(Supplied records)
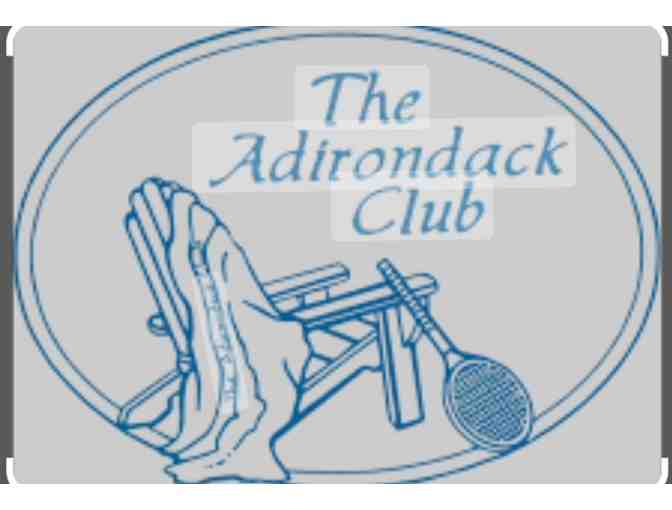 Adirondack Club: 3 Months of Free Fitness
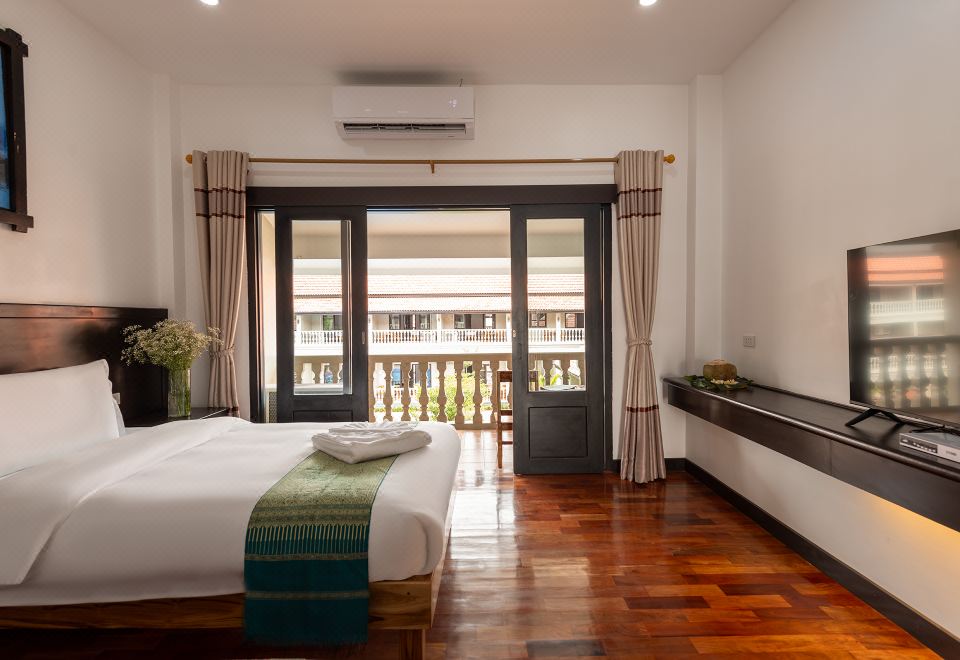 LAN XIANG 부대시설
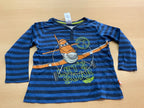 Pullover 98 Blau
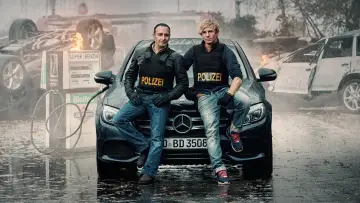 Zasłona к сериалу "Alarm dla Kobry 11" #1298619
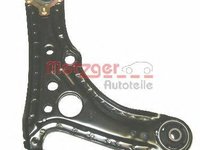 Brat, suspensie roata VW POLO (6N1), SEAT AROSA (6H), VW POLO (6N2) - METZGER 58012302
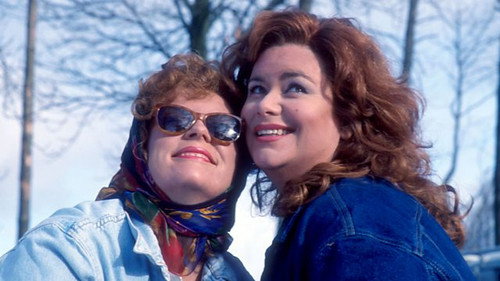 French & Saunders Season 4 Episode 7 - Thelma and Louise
(End Supplied records)
What is expected: Your reply is the full set of entries reproduced exactly, with images omitted.

Reply:
 Adirondack Club: 3 Months of Free Fitness
 LAN XIANG 부대시설
 Pullover 98 Blau
 Zasłona к сериалу "Alarm dla Kobry 11" #1298619
 Brat, suspensie roata VW POLO (6N1), SEAT AROSA (6H), VW POLO (6N2) - METZGER 58012302
 French & Saunders Season 4 Episode 7 - Thelma and Louise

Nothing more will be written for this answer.